START DATA TO PROCESS

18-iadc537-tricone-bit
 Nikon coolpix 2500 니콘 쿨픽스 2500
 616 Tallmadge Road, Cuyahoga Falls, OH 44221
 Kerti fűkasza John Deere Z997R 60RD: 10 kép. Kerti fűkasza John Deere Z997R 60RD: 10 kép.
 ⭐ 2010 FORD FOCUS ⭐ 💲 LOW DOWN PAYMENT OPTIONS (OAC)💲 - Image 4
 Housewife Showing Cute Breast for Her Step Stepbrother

END DATA TO PROCESS

TO DO: Copy the lines above exactly, from the very first through the one containing "(OAC)💲 - Image 4", and include no other line.

REPLY:
18-iadc537-tricone-bit
 Nikon coolpix 2500 니콘 쿨픽스 2500
 616 Tallmadge Road, Cuyahoga Falls, OH 44221
 Kerti fűkasza John Deere Z997R 60RD: 10 kép. Kerti fűkasza John Deere Z997R 60RD: 10 kép.
 ⭐ 2010 FORD FOCUS ⭐ 💲 LOW DOWN PAYMENT OPTIONS (OAC)💲 - Image 4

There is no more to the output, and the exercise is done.